No pictures, please: print exactly the lines from the one that contains "Professional carpet cleaning" through the last line of the listing.

------------------------------------------------

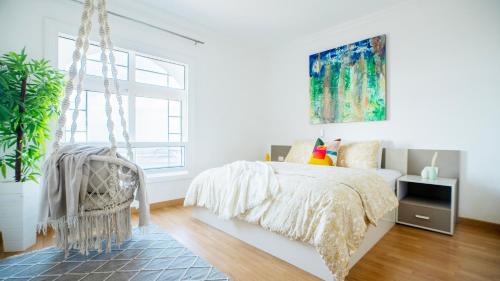 a white bedroom with a bed and a window at Gorgeous Seaview Condo in Gleem in Alexandria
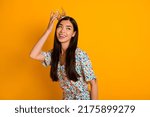 Photo of gorgeous stunning young female look blank space become prom queen isolated on yellow color background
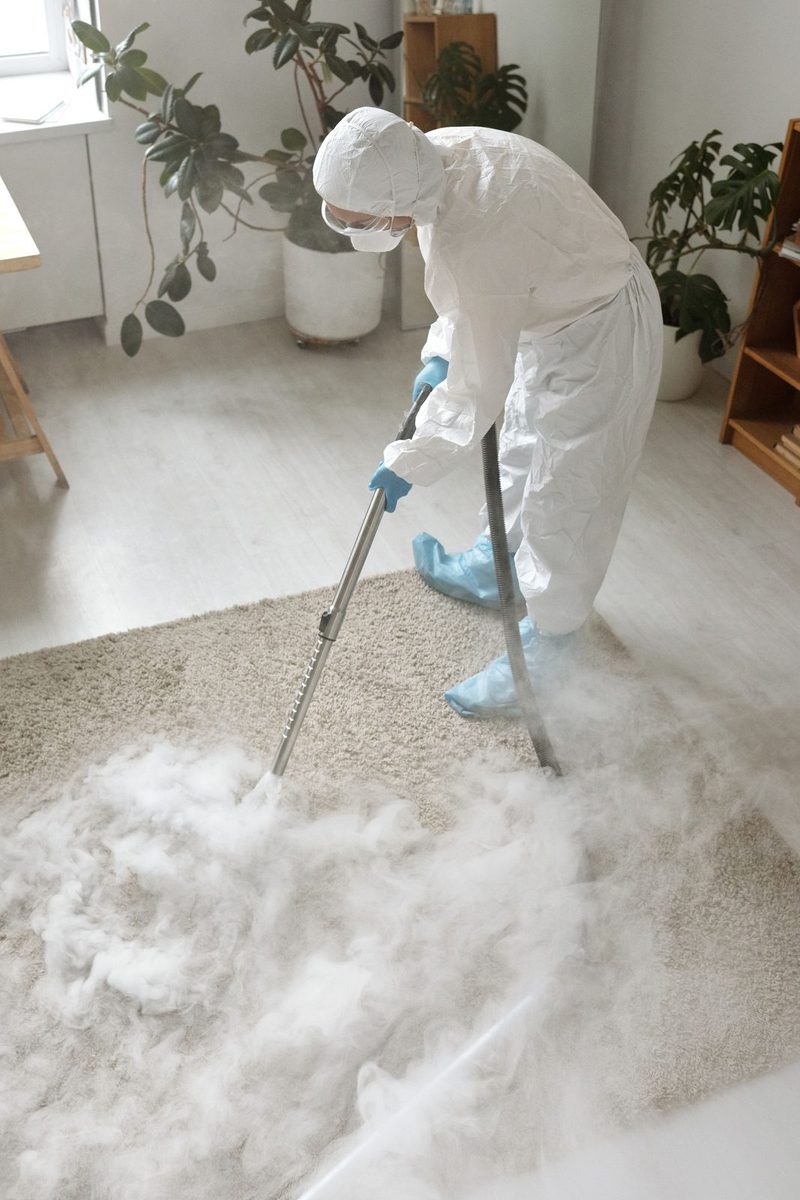 Professional carpet cleaning service drying wet carpet in Plano, TX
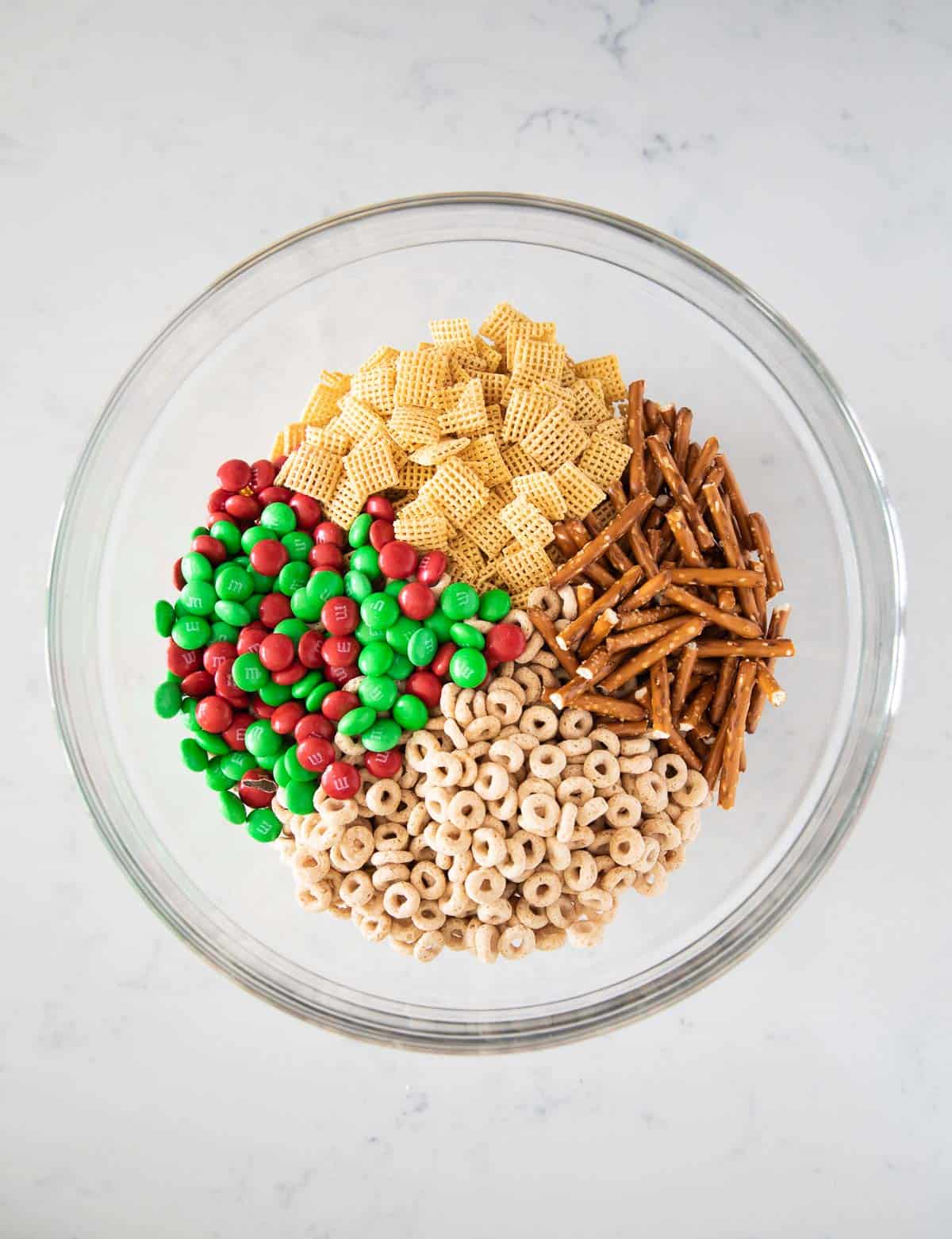Chex mix, pretzels, cheerios, and m&ms in bowl.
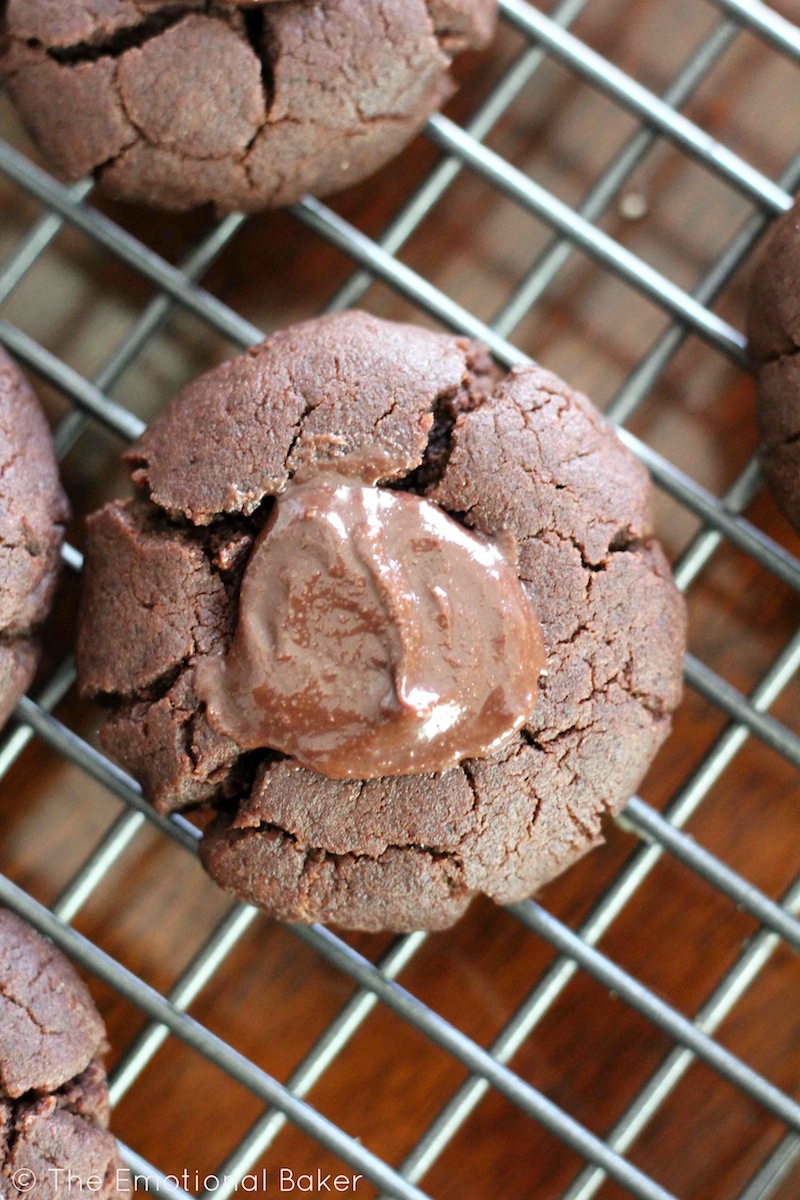 Chocolate Cookies get an update with a luscious Chocolate Tahini filling. You'll love these Chocolate Tahini Thumbprint Cookies!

------------------------------------------------

### Solution below:
 Professional carpet cleaning service drying wet carpet in Plano, TX
Chex mix, pretzels, cheerios, and m&ms in bowl.
 Chocolate Cookies get an update with a luscious Chocolate Tahini filling. You'll love these Chocolate Tahini Thumbprint Cookies!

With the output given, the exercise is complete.